--- Work to be completed ---
Please reproduce the data below exactly, from the first line through the line containing "Vintage Antique 1927", and leave every later line out.

Crawled caption data

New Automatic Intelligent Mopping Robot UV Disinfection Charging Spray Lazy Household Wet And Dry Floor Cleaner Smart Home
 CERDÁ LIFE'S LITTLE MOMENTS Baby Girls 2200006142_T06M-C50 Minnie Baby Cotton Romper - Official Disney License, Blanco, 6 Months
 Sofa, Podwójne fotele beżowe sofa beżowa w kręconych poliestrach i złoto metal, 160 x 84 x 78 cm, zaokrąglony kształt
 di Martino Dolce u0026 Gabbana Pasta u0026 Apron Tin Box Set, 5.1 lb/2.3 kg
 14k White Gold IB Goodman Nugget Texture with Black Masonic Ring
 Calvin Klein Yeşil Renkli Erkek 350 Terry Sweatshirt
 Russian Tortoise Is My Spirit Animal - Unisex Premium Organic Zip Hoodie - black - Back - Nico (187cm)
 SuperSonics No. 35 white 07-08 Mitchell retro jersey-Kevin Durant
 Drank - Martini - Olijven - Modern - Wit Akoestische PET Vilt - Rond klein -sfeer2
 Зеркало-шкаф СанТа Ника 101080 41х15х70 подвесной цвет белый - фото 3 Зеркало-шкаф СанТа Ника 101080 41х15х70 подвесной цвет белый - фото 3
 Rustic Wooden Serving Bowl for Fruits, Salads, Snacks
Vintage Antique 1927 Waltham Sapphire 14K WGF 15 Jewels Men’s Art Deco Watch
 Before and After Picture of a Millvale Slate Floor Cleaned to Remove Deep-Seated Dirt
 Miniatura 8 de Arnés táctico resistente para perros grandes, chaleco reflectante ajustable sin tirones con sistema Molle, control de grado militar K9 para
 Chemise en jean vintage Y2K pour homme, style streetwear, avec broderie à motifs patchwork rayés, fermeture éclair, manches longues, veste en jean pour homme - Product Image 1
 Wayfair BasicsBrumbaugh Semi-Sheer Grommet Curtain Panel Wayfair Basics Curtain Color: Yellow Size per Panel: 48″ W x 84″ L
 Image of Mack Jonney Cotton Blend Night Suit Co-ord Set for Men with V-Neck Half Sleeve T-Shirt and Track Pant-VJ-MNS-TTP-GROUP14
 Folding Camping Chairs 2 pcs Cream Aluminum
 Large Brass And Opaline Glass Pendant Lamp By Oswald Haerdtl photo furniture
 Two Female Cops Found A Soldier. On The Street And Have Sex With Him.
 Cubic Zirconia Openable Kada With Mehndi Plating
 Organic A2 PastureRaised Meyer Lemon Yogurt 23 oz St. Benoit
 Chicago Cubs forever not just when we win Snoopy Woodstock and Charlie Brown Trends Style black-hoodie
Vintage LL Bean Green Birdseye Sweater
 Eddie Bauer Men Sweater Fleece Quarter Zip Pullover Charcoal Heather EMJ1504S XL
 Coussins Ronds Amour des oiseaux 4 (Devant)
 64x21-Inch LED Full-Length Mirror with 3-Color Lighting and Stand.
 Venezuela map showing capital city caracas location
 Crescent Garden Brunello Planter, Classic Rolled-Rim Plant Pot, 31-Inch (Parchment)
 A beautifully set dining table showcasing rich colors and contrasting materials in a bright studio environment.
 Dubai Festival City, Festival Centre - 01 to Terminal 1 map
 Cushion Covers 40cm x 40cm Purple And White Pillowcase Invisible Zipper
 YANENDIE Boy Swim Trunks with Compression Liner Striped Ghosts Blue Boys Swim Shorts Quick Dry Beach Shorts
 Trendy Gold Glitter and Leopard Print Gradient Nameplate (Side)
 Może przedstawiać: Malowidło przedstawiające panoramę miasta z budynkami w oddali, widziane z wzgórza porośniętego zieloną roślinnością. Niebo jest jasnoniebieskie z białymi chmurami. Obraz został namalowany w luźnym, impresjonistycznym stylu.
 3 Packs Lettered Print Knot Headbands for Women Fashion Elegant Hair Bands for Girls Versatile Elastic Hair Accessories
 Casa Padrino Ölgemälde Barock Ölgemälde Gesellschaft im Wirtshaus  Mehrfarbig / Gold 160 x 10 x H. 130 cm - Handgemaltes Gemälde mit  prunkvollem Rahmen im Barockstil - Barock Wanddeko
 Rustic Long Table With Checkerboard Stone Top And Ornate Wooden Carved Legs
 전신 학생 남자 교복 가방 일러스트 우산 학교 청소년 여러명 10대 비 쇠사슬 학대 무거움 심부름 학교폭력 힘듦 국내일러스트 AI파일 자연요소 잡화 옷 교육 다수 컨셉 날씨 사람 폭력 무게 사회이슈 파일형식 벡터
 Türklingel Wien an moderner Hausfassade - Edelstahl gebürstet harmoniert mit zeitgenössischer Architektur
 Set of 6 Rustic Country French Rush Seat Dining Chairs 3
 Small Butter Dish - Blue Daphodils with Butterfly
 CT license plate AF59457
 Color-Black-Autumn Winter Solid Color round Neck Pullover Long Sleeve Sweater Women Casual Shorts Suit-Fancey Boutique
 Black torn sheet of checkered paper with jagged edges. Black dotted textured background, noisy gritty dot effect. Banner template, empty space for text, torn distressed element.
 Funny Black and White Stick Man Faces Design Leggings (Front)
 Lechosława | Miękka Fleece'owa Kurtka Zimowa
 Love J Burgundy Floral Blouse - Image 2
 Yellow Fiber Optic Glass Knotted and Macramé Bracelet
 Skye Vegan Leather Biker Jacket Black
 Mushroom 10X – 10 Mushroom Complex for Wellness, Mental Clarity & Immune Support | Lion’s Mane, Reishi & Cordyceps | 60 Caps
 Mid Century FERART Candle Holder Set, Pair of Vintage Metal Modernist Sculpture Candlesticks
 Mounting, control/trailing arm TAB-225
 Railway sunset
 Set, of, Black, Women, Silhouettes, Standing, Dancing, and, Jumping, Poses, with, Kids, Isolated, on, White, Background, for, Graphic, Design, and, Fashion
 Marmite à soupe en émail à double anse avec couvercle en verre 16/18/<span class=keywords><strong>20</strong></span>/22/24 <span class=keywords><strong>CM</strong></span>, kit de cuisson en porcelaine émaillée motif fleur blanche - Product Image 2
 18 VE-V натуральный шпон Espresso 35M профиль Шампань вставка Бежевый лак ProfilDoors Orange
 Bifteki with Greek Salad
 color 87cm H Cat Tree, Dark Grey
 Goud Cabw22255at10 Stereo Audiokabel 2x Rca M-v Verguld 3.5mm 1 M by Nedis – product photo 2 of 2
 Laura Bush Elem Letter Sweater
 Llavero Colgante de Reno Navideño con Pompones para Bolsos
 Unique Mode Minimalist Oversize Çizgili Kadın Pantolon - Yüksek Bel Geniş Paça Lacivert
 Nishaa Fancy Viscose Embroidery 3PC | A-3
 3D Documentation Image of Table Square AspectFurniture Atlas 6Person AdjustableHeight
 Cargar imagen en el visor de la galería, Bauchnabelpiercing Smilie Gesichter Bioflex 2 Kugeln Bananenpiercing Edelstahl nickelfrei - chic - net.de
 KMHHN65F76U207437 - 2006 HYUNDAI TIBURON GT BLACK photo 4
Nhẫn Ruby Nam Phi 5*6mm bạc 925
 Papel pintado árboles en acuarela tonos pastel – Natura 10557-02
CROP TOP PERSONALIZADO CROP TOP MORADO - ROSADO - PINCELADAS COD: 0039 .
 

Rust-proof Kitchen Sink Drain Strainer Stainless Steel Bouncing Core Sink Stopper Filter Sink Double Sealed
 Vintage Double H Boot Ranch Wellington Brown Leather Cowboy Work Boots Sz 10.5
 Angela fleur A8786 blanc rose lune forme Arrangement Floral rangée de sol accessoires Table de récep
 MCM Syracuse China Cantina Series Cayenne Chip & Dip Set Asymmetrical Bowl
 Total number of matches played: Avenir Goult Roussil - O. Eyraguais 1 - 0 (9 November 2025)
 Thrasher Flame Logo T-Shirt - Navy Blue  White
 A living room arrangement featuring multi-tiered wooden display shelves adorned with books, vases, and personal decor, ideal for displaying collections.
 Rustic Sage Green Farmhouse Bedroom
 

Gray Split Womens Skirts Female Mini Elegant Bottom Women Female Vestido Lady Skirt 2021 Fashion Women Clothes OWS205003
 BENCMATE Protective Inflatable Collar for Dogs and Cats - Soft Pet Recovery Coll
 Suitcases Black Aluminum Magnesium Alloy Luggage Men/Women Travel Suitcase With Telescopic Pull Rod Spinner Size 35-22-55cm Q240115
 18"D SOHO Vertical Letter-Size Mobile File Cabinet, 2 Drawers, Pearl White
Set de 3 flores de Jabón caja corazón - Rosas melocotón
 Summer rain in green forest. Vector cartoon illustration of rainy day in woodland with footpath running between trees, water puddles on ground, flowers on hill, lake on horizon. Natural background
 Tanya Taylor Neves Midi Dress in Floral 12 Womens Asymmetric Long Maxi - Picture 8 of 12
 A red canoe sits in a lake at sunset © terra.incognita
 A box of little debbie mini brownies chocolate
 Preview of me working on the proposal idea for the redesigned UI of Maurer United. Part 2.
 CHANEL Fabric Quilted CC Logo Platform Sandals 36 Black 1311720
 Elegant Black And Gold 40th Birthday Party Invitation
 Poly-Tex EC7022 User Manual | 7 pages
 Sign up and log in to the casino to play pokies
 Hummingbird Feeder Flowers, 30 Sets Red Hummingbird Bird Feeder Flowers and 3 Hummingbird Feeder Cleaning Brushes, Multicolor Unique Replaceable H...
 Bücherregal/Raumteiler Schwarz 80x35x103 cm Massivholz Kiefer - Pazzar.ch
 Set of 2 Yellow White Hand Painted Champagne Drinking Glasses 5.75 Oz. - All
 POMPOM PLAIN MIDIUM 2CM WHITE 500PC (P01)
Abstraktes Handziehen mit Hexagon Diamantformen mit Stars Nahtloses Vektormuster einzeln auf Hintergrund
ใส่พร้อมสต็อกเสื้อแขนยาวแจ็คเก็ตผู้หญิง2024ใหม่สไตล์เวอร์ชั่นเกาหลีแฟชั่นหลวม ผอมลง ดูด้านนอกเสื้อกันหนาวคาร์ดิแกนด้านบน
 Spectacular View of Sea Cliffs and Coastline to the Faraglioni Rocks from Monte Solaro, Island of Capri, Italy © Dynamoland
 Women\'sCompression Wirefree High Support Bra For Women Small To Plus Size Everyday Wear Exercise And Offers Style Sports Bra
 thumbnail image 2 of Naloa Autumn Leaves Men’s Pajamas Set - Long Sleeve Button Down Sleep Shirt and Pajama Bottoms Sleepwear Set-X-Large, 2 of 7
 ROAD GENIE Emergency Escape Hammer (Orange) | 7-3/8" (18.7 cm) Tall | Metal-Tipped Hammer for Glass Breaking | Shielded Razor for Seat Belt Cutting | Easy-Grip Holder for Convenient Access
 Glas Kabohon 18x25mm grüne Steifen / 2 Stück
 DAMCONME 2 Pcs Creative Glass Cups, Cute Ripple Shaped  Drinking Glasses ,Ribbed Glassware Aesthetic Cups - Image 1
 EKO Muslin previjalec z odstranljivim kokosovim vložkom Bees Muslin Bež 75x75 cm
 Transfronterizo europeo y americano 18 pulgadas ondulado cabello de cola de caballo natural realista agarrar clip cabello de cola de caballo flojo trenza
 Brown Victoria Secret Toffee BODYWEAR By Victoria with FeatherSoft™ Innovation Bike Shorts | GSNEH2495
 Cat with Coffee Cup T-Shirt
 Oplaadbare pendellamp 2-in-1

--- Finished task ---
New Automatic Intelligent Mopping Robot UV Disinfection Charging Spray Lazy Household Wet And Dry Floor Cleaner Smart Home
 CERDÁ LIFE'S LITTLE MOMENTS Baby Girls 2200006142_T06M-C50 Minnie Baby Cotton Romper - Official Disney License, Blanco, 6 Months
 Sofa, Podwójne fotele beżowe sofa beżowa w kręconych poliestrach i złoto metal, 160 x 84 x 78 cm, zaokrąglony kształt
 di Martino Dolce u0026 Gabbana Pasta u0026 Apron Tin Box Set, 5.1 lb/2.3 kg
 14k White Gold IB Goodman Nugget Texture with Black Masonic Ring
 Calvin Klein Yeşil Renkli Erkek 350 Terry Sweatshirt
 Russian Tortoise Is My Spirit Animal - Unisex Premium Organic Zip Hoodie - black - Back - Nico (187cm)
 SuperSonics No. 35 white 07-08 Mitchell retro jersey-Kevin Durant
 Drank - Martini - Olijven - Modern - Wit Akoestische PET Vilt - Rond klein -sfeer2
 Зеркало-шкаф СанТа Ника 101080 41х15х70 подвесной цвет белый - фото 3 Зеркало-шкаф СанТа Ника 101080 41х15х70 подвесной цвет белый - фото 3
 Rustic Wooden Serving Bowl for Fruits, Salads, Snacks
Vintage Antique 1927 Waltham Sapphire 14K WGF 15 Jewels Men’s Art Deco Watch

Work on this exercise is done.